* Task directions *
Output the full listing exactly.

* Information supplied *
────────────────────

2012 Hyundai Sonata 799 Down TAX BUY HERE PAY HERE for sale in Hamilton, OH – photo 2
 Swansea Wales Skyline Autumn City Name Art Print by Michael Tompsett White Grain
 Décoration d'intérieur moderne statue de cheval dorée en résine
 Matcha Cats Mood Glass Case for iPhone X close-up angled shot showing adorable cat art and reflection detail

────────────────────

* Response to the exercise *
2012 Hyundai Sonata 799 Down TAX BUY HERE PAY HERE for sale in Hamilton, OH – photo 2
 Swansea Wales Skyline Autumn City Name Art Print by Michael Tompsett White Grain
 Décoration d'intérieur moderne statue de cheval dorée en résine
 Matcha Cats Mood Glass Case for iPhone X close-up angled shot showing adorable cat art and reflection detail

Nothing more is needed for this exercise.